§ **DIRECTIONS**:
Each record below should be written out again exactly.

====

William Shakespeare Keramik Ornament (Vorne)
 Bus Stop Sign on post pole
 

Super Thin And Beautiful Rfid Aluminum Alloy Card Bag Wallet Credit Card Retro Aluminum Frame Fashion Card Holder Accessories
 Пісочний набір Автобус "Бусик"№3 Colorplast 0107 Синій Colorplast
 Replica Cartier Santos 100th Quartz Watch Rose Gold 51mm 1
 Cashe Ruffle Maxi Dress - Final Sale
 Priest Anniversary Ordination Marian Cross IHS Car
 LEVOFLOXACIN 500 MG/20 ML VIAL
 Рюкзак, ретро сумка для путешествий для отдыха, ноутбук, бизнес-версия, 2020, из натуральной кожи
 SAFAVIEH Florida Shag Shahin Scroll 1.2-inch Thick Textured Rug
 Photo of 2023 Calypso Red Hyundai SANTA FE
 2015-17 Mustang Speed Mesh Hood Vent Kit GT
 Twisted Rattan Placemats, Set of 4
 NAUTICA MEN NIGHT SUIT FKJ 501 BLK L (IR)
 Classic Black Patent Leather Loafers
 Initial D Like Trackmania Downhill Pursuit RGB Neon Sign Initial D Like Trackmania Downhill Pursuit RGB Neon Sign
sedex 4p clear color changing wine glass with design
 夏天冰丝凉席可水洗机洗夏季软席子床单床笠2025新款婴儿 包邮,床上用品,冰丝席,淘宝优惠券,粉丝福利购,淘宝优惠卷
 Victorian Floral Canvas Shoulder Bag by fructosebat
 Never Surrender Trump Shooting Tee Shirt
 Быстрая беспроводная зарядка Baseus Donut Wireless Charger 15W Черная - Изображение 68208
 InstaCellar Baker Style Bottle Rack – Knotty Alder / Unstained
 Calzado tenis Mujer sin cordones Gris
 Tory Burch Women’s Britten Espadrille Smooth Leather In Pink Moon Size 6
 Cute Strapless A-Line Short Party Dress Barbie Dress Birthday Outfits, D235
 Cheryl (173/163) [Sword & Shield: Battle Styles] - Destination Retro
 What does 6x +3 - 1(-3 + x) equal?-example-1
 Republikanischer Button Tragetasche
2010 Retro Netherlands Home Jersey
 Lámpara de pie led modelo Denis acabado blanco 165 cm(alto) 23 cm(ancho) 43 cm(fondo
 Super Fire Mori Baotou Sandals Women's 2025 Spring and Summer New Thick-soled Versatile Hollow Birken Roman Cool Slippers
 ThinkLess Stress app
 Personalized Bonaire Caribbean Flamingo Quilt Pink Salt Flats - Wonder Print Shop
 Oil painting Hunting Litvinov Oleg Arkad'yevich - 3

====

§ **ANSWER AREA**:
William Shakespeare Keramik Ornament (Vorne)
 Bus Stop Sign on post pole
 

Super Thin And Beautiful Rfid Aluminum Alloy Card Bag Wallet Credit Card Retro Aluminum Frame Fashion Card Holder Accessories
 Пісочний набір Автобус "Бусик"№3 Colorplast 0107 Синій Colorplast
 Replica Cartier Santos 100th Quartz Watch Rose Gold 51mm 1
 Cashe Ruffle Maxi Dress - Final Sale
 Priest Anniversary Ordination Marian Cross IHS Car
 LEVOFLOXACIN 500 MG/20 ML VIAL
 Рюкзак, ретро сумка для путешествий для отдыха, ноутбук, бизнес-версия, 2020, из натуральной кожи
 SAFAVIEH Florida Shag Shahin Scroll 1.2-inch Thick Textured Rug
 Photo of 2023 Calypso Red Hyundai SANTA FE
 2015-17 Mustang Speed Mesh Hood Vent Kit GT
 Twisted Rattan Placemats, Set of 4
 NAUTICA MEN NIGHT SUIT FKJ 501 BLK L (IR)
 Classic Black Patent Leather Loafers
 Initial D Like Trackmania Downhill Pursuit RGB Neon Sign Initial D Like Trackmania Downhill Pursuit RGB Neon Sign
sedex 4p clear color changing wine glass with design
 夏天冰丝凉席可水洗机洗夏季软席子床单床笠2025新款婴儿 包邮,床上用品,冰丝席,淘宝优惠券,粉丝福利购,淘宝优惠卷
 Victorian Floral Canvas Shoulder Bag by fructosebat
 Never Surrender Trump Shooting Tee Shirt
 Быстрая беспроводная зарядка Baseus Donut Wireless Charger 15W Черная - Изображение 68208
 InstaCellar Baker Style Bottle Rack – Knotty Alder / Unstained
 Calzado tenis Mujer sin cordones Gris
 Tory Burch Women’s Britten Espadrille Smooth Leather In Pink Moon Size 6
 Cute Strapless A-Line Short Party Dress Barbie Dress Birthday Outfits, D235
 Cheryl (173/163) [Sword & Shield: Battle Styles] - Destination Retro
 What does 6x +3 - 1(-3 + x) equal?-example-1
 Republikanischer Button Tragetasche
2010 Retro Netherlands Home Jersey
 Lámpara de pie led modelo Denis acabado blanco 165 cm(alto) 23 cm(ancho) 43 cm(fondo
 Super Fire Mori Baotou Sandals Women's 2025 Spring and Summer New Thick-soled Versatile Hollow Birken Roman Cool Slippers
 ThinkLess Stress app
 Personalized Bonaire Caribbean Flamingo Quilt Pink Salt Flats - Wonder Print Shop
 Oil painting Hunting Litvinov Oleg Arkad'yevich - 3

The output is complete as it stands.